With the blessing of the oils, “we remember those who will be ministered to with these oils: the sick and the dying; those being baptized and confirmed; the priests we will ordain. All these are here with us now, in the mysterious communion of saints that we share in. We hold them in our prayers and in our hearts as we bless and consecrate these oils.”
He reminded the congregation, gathered from throughout the diocese, that “as we celebrate this Chrism Mass, we remember: through the ministry of the bishop, whom the rite calls the high priest of his flock, we are connected to the rest of the church.” The connection “goes across time because of the unbroken chain of apostolic succession back to Jesus, and across space because of the bond of communion that joins us to the Bishop of Rome and the College of Bishops around the world,” Bishop Amos said.

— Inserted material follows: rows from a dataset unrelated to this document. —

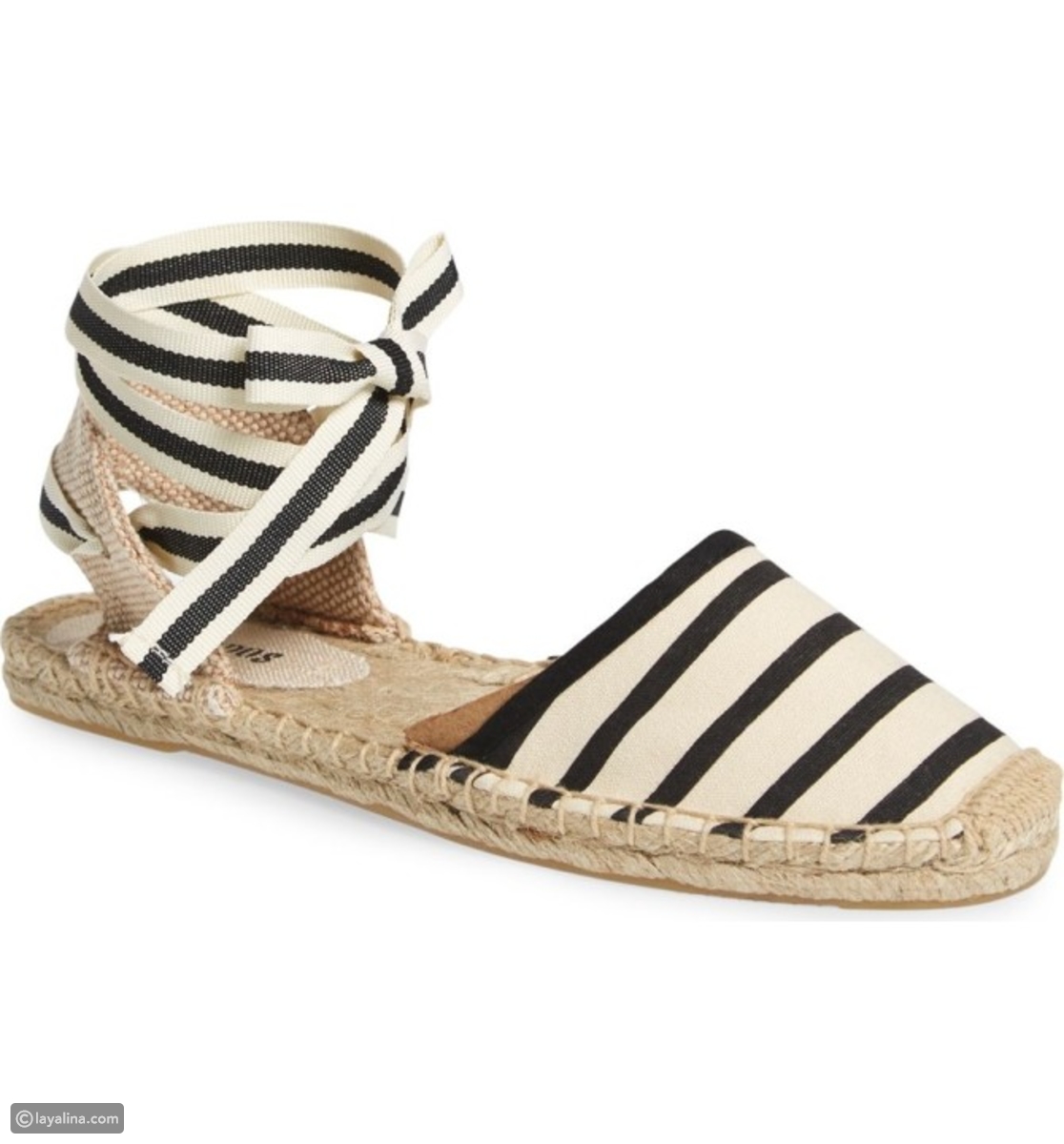 احدث صيحات الموضه الاحذيه النسائيه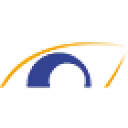 Logo CNO-Expo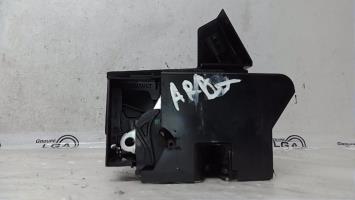 Photo pièce auto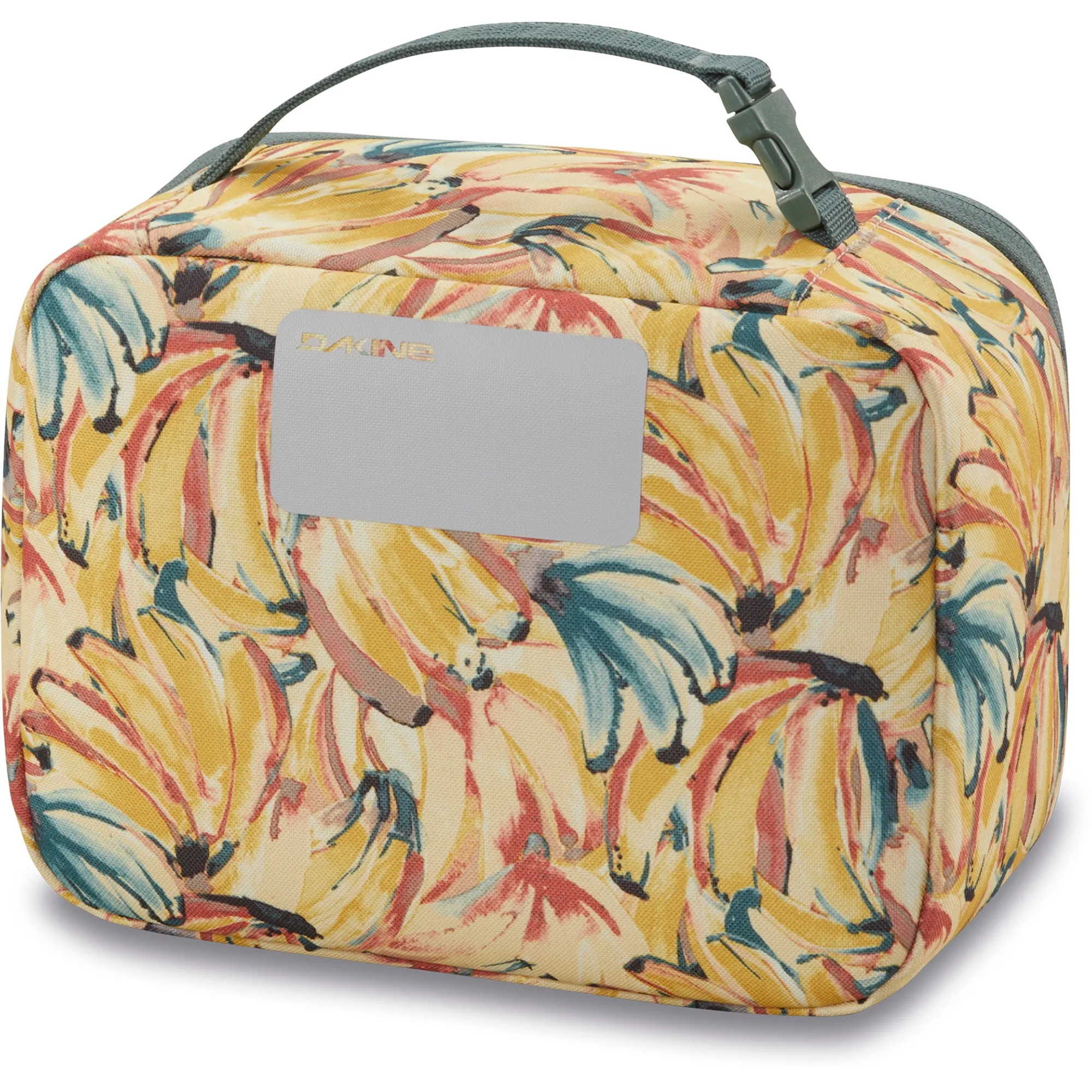 Lunch Box 5L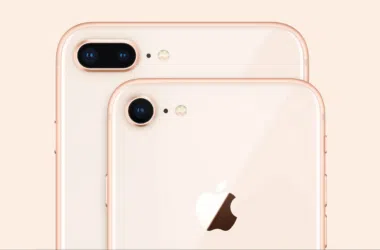 Iphone 8 apple capa melhor 1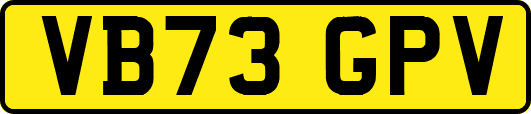 VB73GPV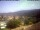 Webcam in Traben-Trarbach, 4 km
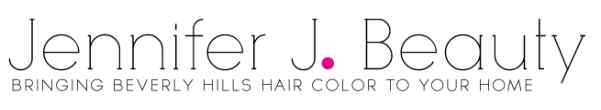 Get Hollywood At-Home Hair Color with Celebrity Colorist Jennifer J. of Juan Juan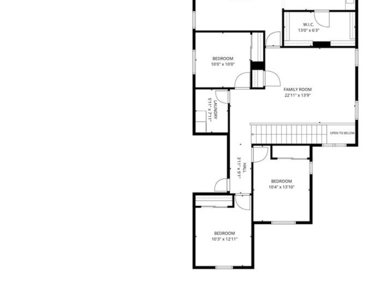 185 Lilt Avenue - Photo Thumbnail 24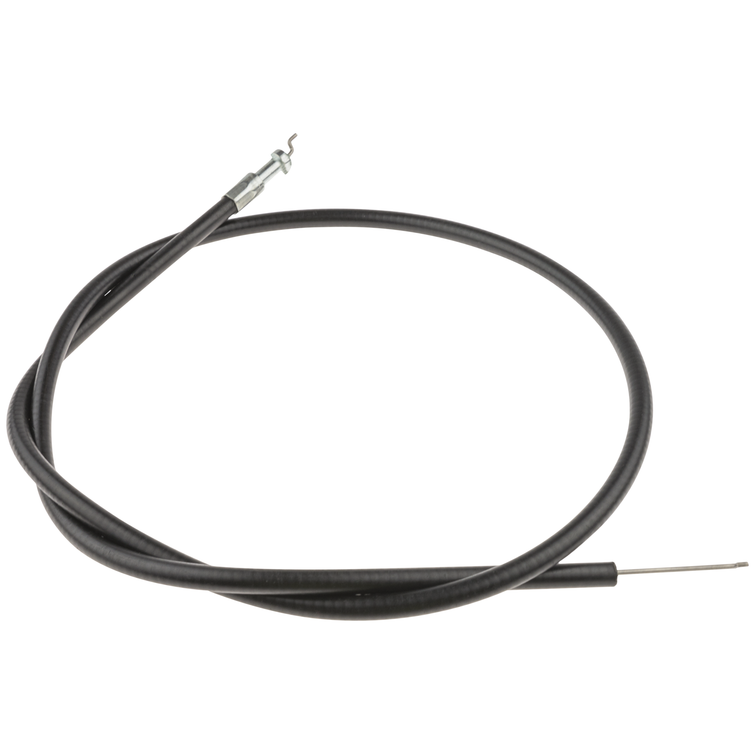 HUSQVARNA WIRE THROTTLE/CHOKE L=1000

“That connection is given tangible, sacramental shape in these oils, blessed and consecrated here and sent from here to every corner of our diocese. So that when the sick are anointed, when catechumens are exorcised and infants prepared for baptism, when those in the RCIA are confirmed, it is not only the priest who is there, but Christ is also there with you always. And so is the whole church — the body of Christ — that cannot be shackled by time and space. Christ, the faithful witness, promised to abide with us. These oils remind us that Christ’s promise is fulfilled in our hearing.”
Father Paul Appel, pastor of St. James Parish in Washington, appreciated Bishop Amos’ message. “He gave us good points to think about what our priestly ministry means.”
In a poignant moment after Mass, in the church breezeway, Bishop Amos blessed Tim and Sandy Welsh of Lovilia and their 2-year-old granddaughter, Bridget McIntyre. In turn, the bishop asked Bridget if she would like to bless him. The child was bashful, so Sandy Welsh said she would give the bishop a blessing, and she did as she held her granddaughter in her arms.